I’ve been reading through “A Praying Life” by Paul E. Miller. In it, he says that prayerlessness “is rooted in a core unbelief that can shape our lives, even as Christians. Because of prayerlessness, our lives are often marked by fear, anxiety, joylessness, and spiritual lethargy.” There is a lot about prayer that we either don’t understand or else we understand and don’t like. In a recent chapter I read, Miller talks about how there is a tendency we have to avoid intimacy with God.
Why would we do that? Well, for one, we don’t really want God nosing around in our business. Miller says there is a reason, perhaps, that we keep God at arm’s length, even with our prayers to him:
Frankly, God makes us nervous when he gets too close. We don’t want a physical dependence on him. It feels hokey, like we are controlling God. Deep down we just don’t like grace. We don’t want to risk our prayer not being answered. We prefer the safety of isolation to engaging the living God. To embrace the Father and thus prayer is to accept what one pastor called “the sting of particularity.” (A Praying Life, p. 125)
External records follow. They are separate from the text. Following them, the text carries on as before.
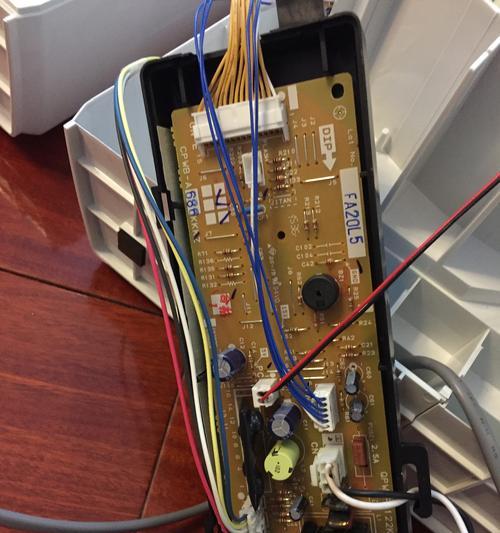 震惊!用 Redis+AI 模型实现秒级实时风控,这波操作太秀了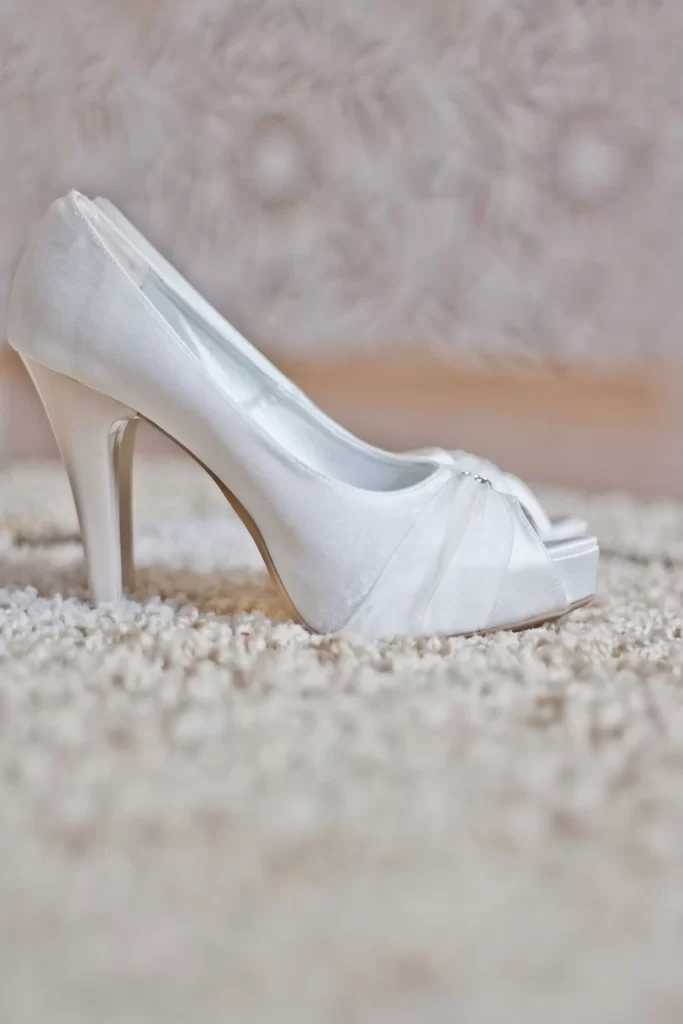 high-heels-shoes-wedding-5560-Photo-by-Kaboompics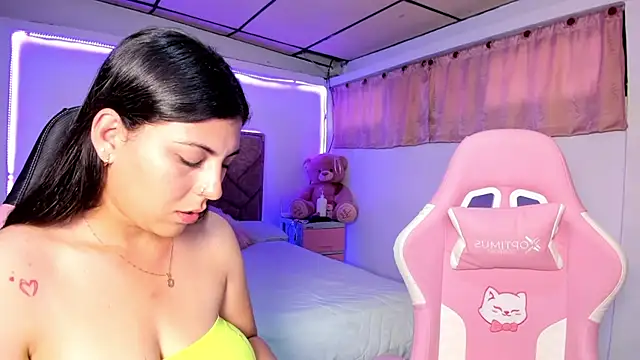 Snapshot of Cristal_Smith20 chatting on June 18, 11:37 am Cristal Smith20 online show from June 18, 11:37 am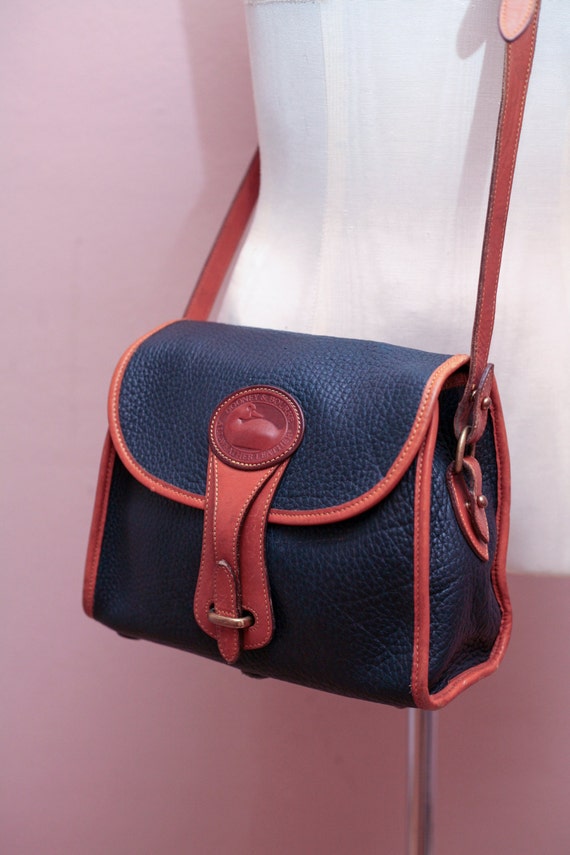 dooney and bourke navy blue purse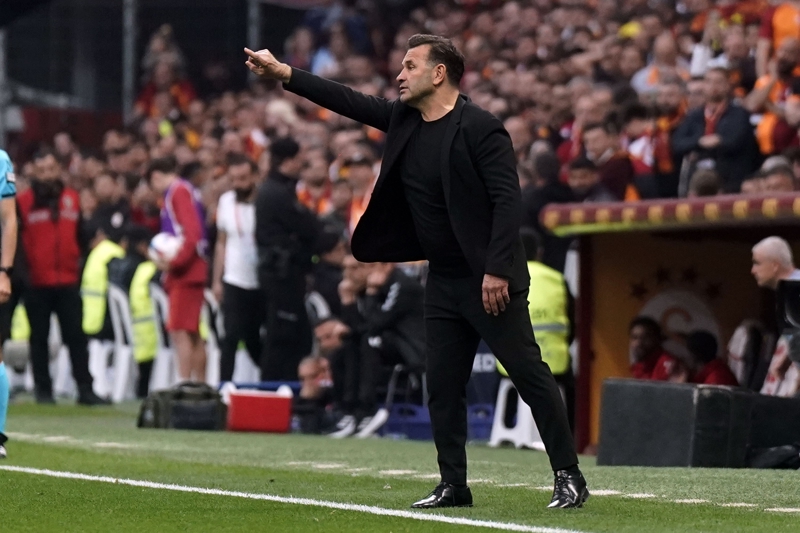 <p><b>OKAN BURUK, 5. HOCA OLABİLİR</b></p><p>Daha önce Akhisarspor'un başında Türkiye Kupası kazanan Okan Buruk (2017/18), bu turnuvada iki farklı takımla şampiyon olan beşinci teknik direktör olabilir (Necdet Niş, Samet Aybaba, Mustafa Denizli, Aykut Kocaman).</p>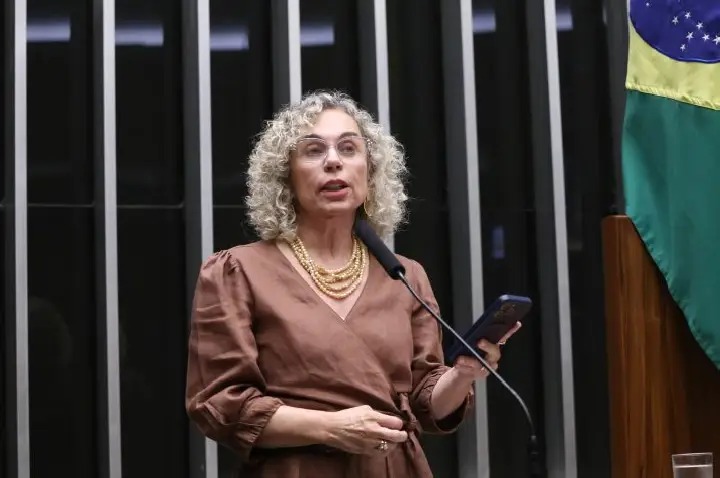 Comissão aprova ampliação da licença-paternidade para pais de bebês prematuros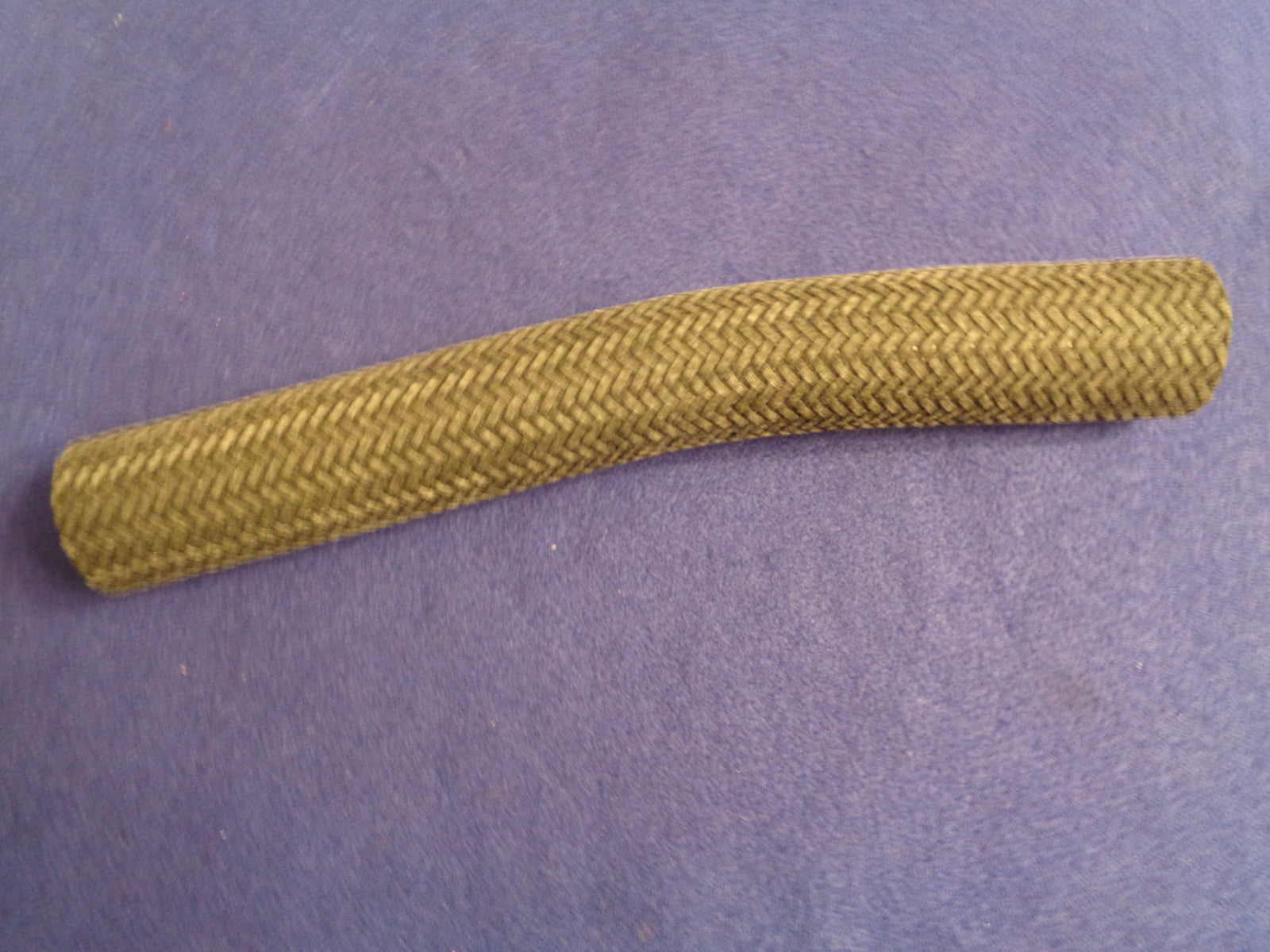 Datsun Roadster 671/2, 68, 69, & 70  Early Woven 2000 Upper Radiator Hose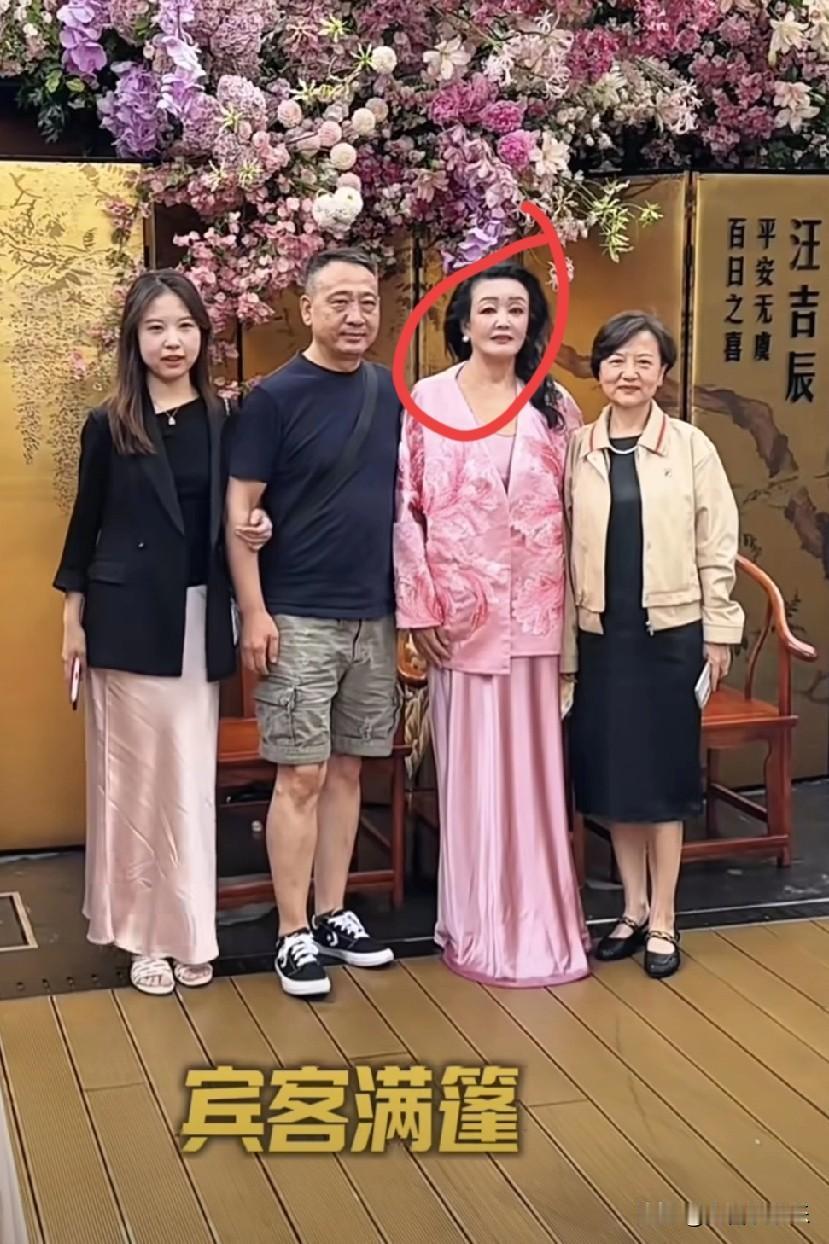 张兰在马筱梅面前，可真是软柿子了。大孙子百日宴，都是她张罗的，可是张兰一张孙
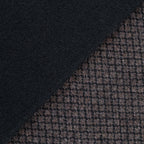 Sciarpa scaldacollo Jacquard double-face nero e marrone con asola in 100% Cashmere beige. Morbida, versatile e facile da indossare.
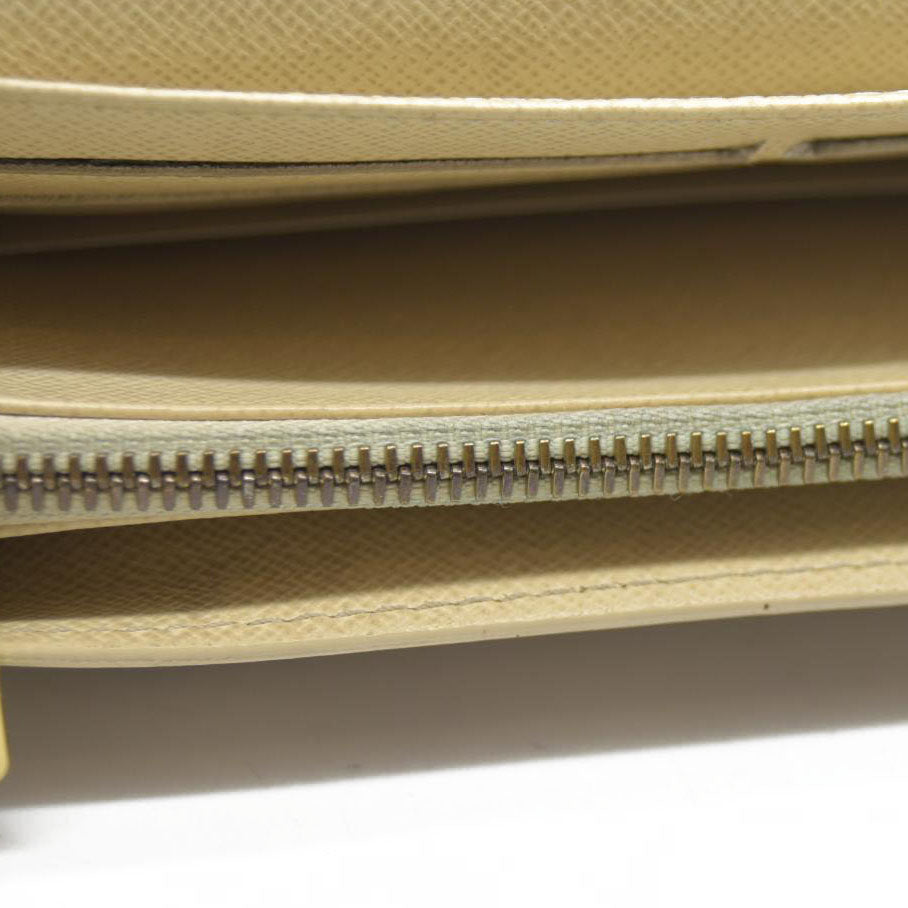 AUCTION $720 Louis Vuitton 2008 Damier Azur Pattern Sarah Wallet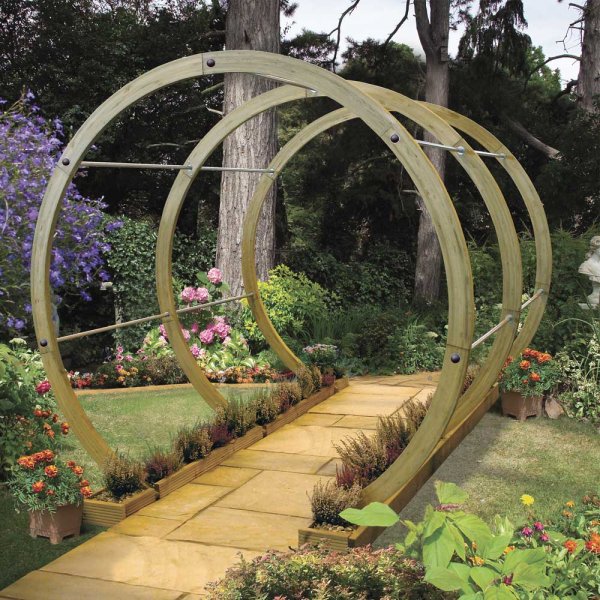 wokinghamtown's tweet photo. everything for your home and garden over 200 shops take a peek https://t.co/9BtqriI3Dt https://t.co/YQbNYGGEHb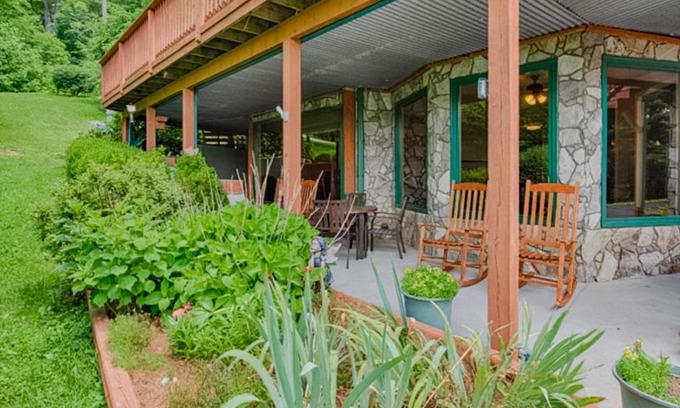 Lake Junaluska Casa | Samuel Court Cabin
The very human prayer of Jesus asking that “this cup pass from me.” is much different than what Miller sees as the Buddhist and Neoplatonic attitudes that have crept into the church. That is, the attitude that we need to resist our own desires and deny physical urges. Those kind of simple, intimate prayers are the ones we hear children saying because they are more humble than “wiser” adults.
I don’t have it all together. The thing I want to battle against is the attitude that I will not lay it all on the line when I pray. That is to deny a personal God, and it doesn’t honor him.